By Kena Cador
Editor’s Note: This article was originally published by the ACLU of Northern California and is republished with permission. https://www.aclunc.org/blog/when-your-tap-water-toxic
“On behalf of myself and my 17-year-old daughter that I’m raising and my mother, who recently passed away—we’ve been drinking contaminated water for some time now. I live on a fixed budget. I don’t make more than $600 a month, and I pay out about $80 a month to have to buy water. And that’s for cooking purposes also other than just drinking. In talking with my daughter, she says, “Dad—how can I be safe, how can I be healthy if I can’t even drink the water?” —Jesus “Tutuy” Montes, resident of Visalia
I recently had the honor of sitting alongside residents from throughout the Central Valley as we provided public comment to the California State Water Resources Control Board. The subject of the public hearing that brought us together was the need to regulate 1,2,3-Trichloropropane, or 1,2,3-TCP.

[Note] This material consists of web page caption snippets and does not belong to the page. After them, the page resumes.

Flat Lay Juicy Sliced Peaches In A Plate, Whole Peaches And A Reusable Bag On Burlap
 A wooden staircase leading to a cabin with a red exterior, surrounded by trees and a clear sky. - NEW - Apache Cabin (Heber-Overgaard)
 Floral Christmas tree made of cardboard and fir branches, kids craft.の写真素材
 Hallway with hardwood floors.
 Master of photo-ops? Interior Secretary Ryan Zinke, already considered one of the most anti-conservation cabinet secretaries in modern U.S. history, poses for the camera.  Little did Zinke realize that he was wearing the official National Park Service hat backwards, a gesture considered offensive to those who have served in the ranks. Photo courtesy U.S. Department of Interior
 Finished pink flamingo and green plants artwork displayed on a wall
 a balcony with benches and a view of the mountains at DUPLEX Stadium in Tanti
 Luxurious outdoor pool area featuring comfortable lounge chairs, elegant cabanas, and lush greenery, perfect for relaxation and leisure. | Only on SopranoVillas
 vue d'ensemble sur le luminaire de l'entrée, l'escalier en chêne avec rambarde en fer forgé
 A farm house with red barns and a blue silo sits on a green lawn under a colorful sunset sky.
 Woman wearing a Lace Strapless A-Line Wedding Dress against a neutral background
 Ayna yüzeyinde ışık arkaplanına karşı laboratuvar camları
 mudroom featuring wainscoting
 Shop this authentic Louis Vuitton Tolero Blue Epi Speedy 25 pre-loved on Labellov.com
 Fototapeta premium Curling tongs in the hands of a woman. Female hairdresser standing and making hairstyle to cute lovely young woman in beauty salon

1,2,3-TCP is a dangerous chemical that has been discovered in hundreds of wells and water sources throughout the state. The people who are hardest hit by this known carcinogen are those who live in agriculture-rich regions of the state such as Fresno, Tulare and Kern counties. As community members rose one by one to tell their stories before the Board, the collective feeling of frustration was palpable.
As a representative of the ACLU of California, I was nervous about the best way to convey that water contamination is a civil rights issue that the State Water Board has an obligation to mitigate. I was concerned about being repetitive alongside community partners such as the Community Water Center and California Rural Legal Assistance, organizations that have been engaging in this work for years. Most of all, I was apprehensive about my ability to develop a communication strategy that would adequately convey the real human cost of not taking action.
The presence of community members who have had to endure water contamination alleviated my fears. I firmly believe the courage it takes to share the intimate details of lived experiences is what compels decision-makers to action.
Inadequate access to water and other basic municipal services is an issue that falls disproportionately on low-income communities of color. These same communities often encounter an intimidating legal framework when they attempt to change their harsh realities. In 2012, California became the first state to recognize the Human Right to Water. Five years later, no Californian should still be living without adequate access to basic municipal services.
The brave Central Valley residents who attended this hearing helped to bring the significance of this issue to the forefront of the conversation. I am thankful and humbled to have had the opportunity to speak alongside them and to advocate on their behalf.
Kena Cador is an Equal Justice Works Fellow with the ACLU of Northern California.